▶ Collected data

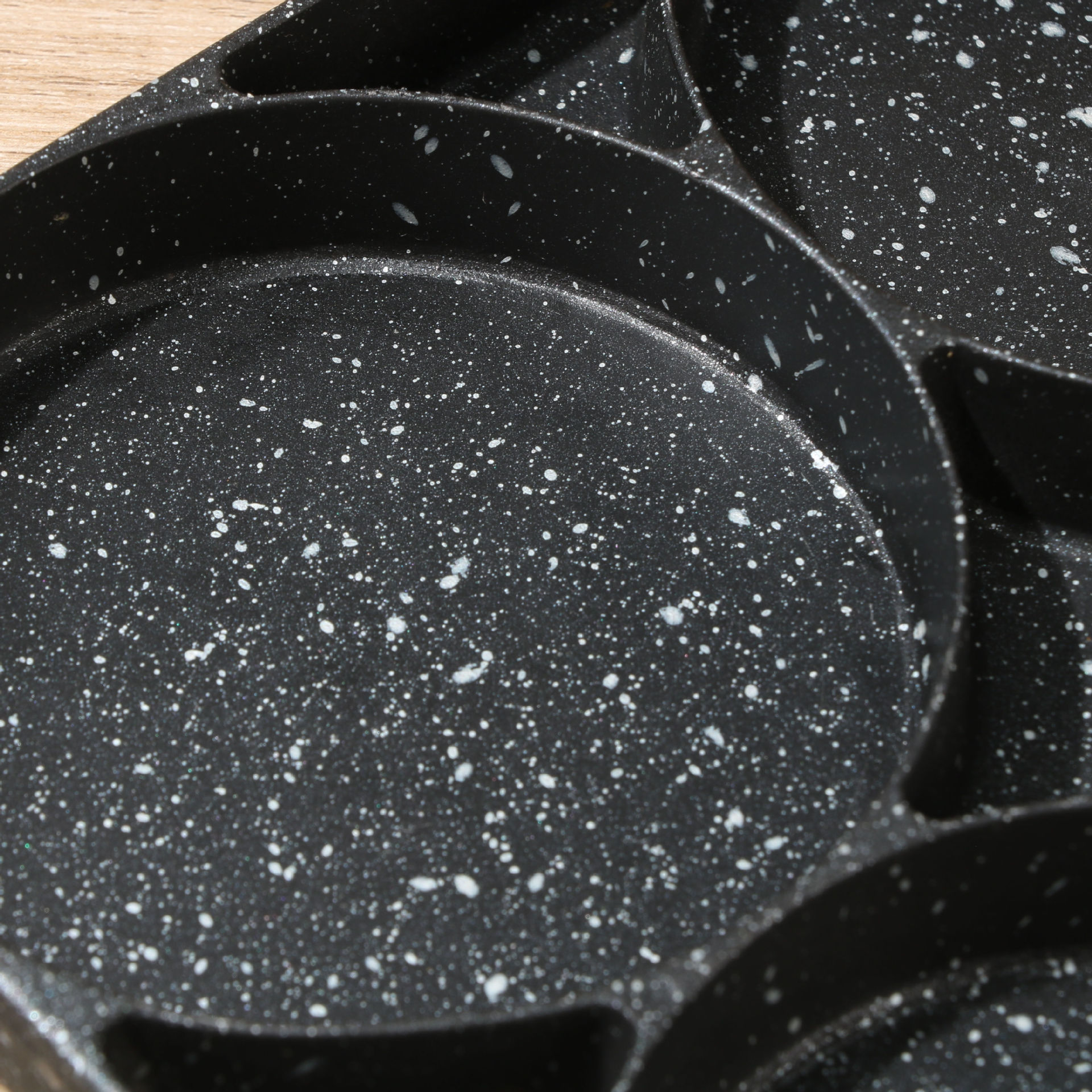 Household aluminum alloy four-hole egg frying pan, multi-hole tourmaline flat pan, anti-slip handle, non-stick pan, egg frying breakfast pan Application Scenario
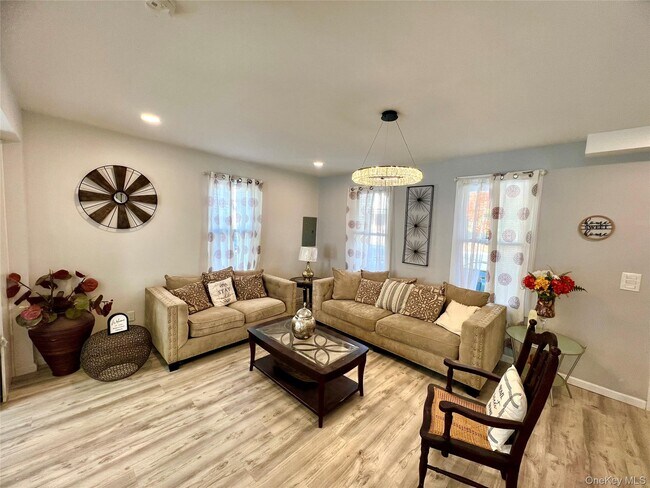 126 W Main St in Middletown, NY - Building Photo - Building Photo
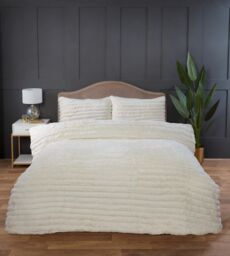 Rapport Home Chunky Ribbed Fur Polyester Soft & Cozy Duvet Cover Set With Pillowcase in White - Size: Double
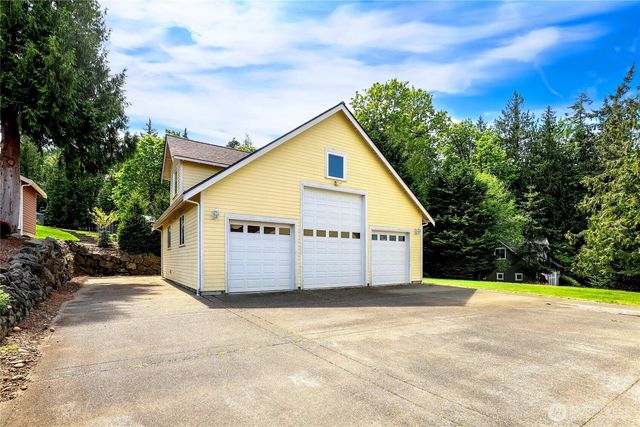 5377 E Blaisdell Lane, Port Orchard, WA 98366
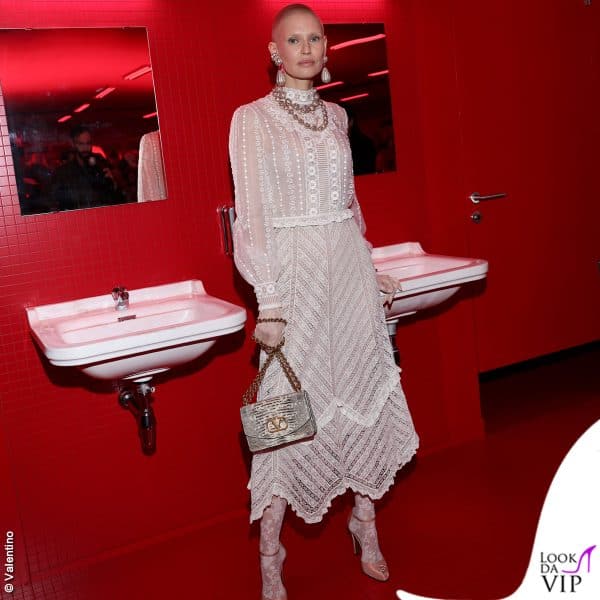 La modella con un lace dress nel bagno rosso che ha fatto da location
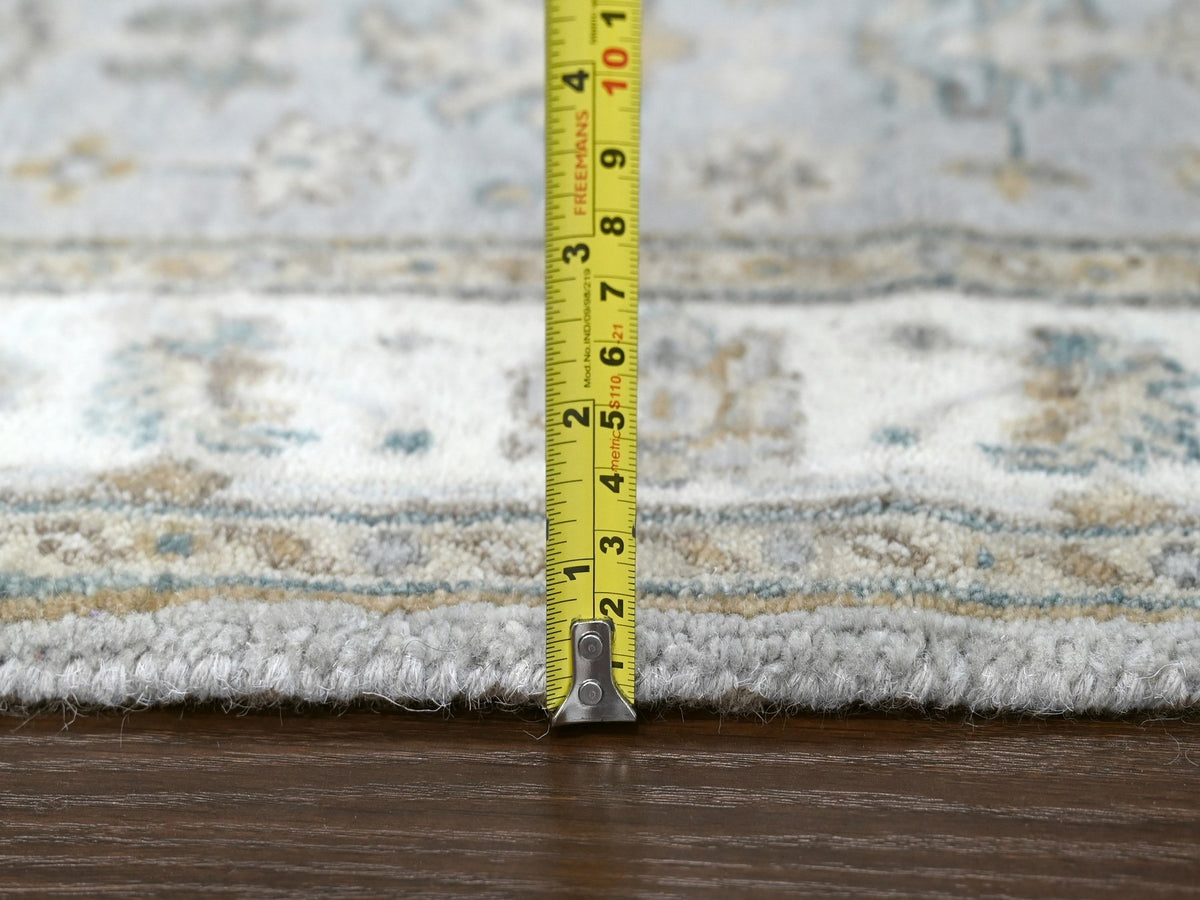 Heriz hand-knotted wool rug in Gray & Ivory, 3'1" x 5' — SKU O084714 (view 7)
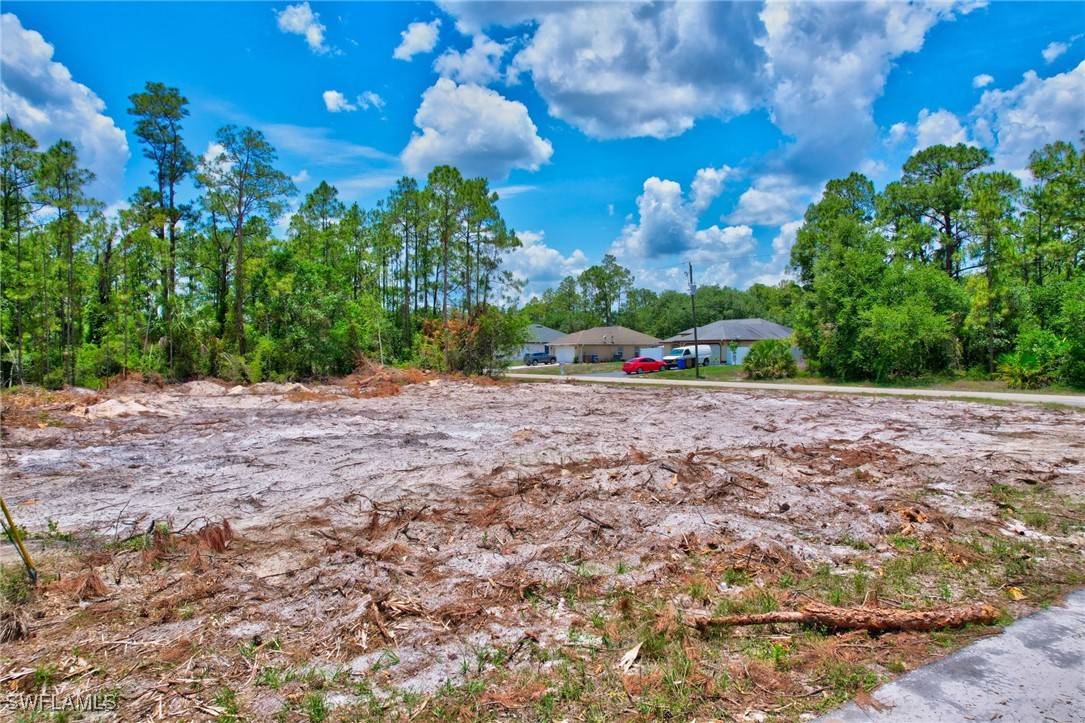Alva, FL 33920,2123 Jefferson AVE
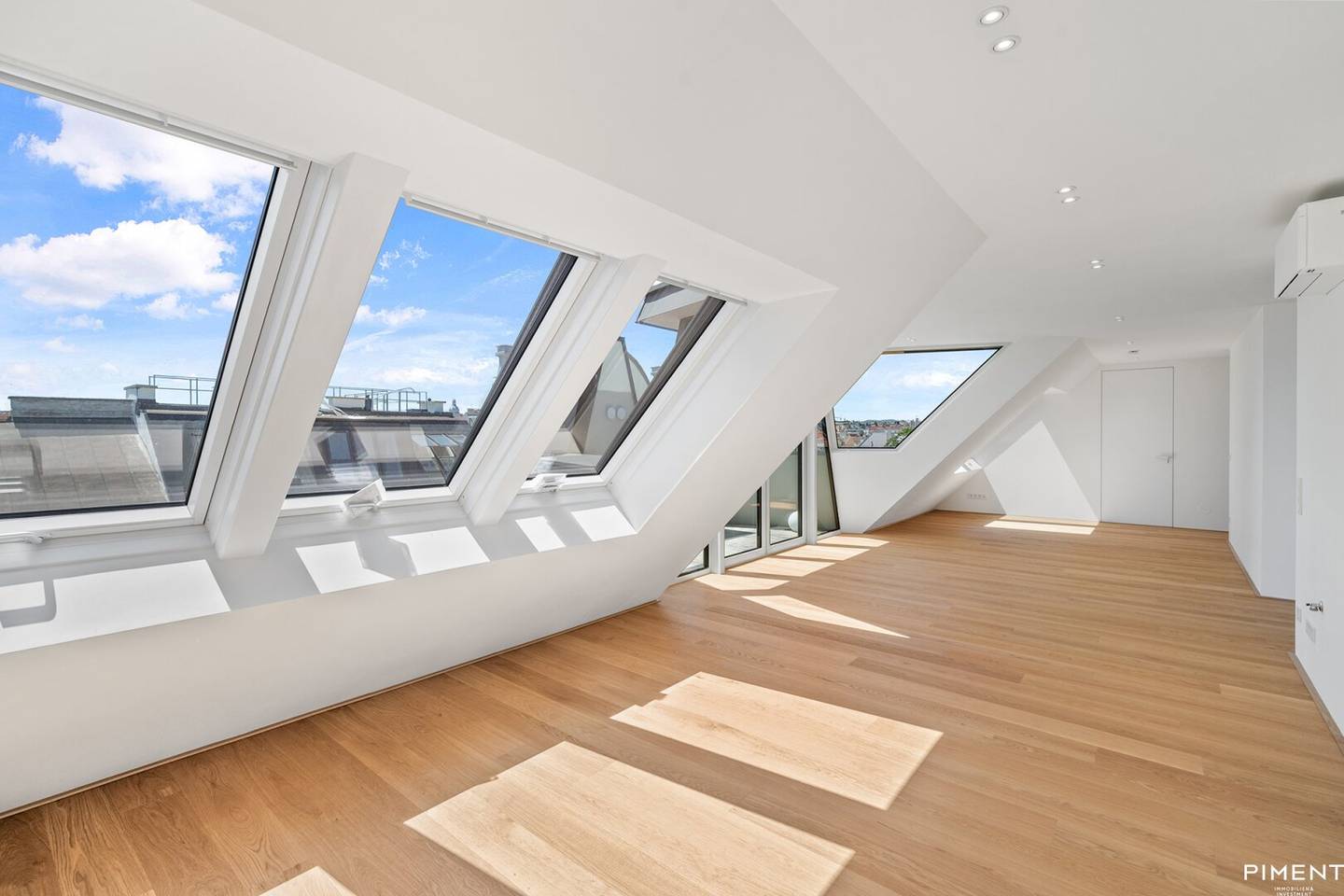 PENTHOUSE APARTMENTS IN ALFONSHOF - 1080 WIEN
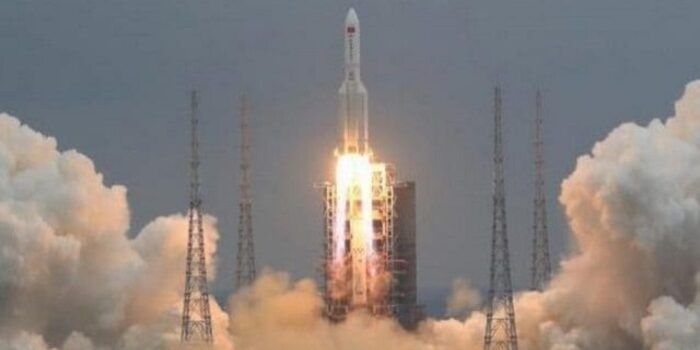 Lanciatore spaziale cinese, due le traiettorie che interessano la Calabria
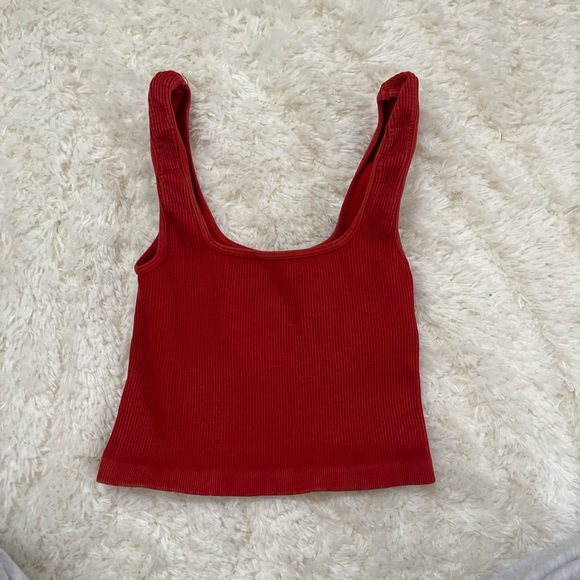 Top - Picture 2 of 3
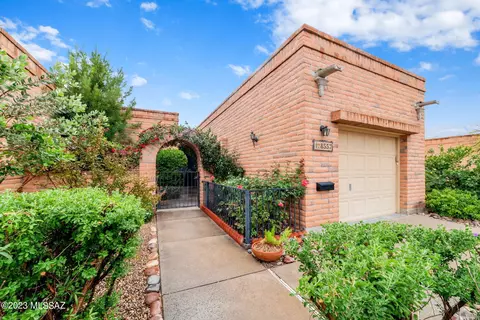 8557 N Candlewood Loop, Tucson, AZ 85704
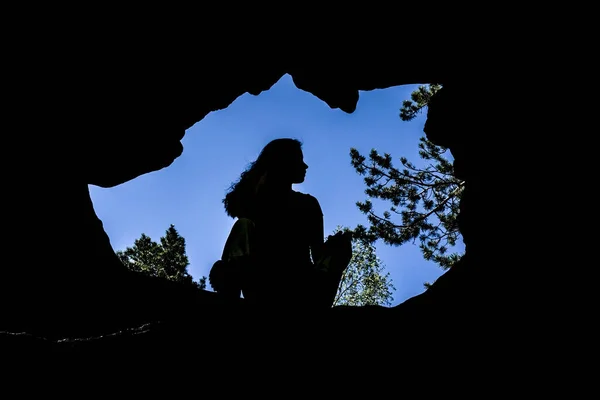 Mulher Caver Spelunker Explorando Dentro Uma Caverna Escura — Fotografia de Stock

▶ Instructions for the task
Set the entries down exactly, but not the pictures.

▶ Task answer
 Household aluminum alloy four-hole egg frying pan, multi-hole tourmaline flat pan, anti-slip handle, non-stick pan, egg frying breakfast pan Application Scenario
 126 W Main St in Middletown, NY - Building Photo - Building Photo
 Rapport Home Chunky Ribbed Fur Polyester Soft & Cozy Duvet Cover Set With Pillowcase in White - Size: Double
 5377 E Blaisdell Lane, Port Orchard, WA 98366
 La modella con un lace dress nel bagno rosso che ha fatto da location
 Heriz hand-knotted wool rug in Gray & Ivory, 3'1" x 5' — SKU O084714 (view 7)
Alva, FL 33920,2123 Jefferson AVE
 PENTHOUSE APARTMENTS IN ALFONSHOF - 1080 WIEN
 Lanciatore spaziale cinese, due le traiettorie che interessano la Calabria
 Top - Picture 2 of 3
 8557 N Candlewood Loop, Tucson, AZ 85704
 Mulher Caver Spelunker Explorando Dentro Uma Caverna Escura — Fotografia de Stock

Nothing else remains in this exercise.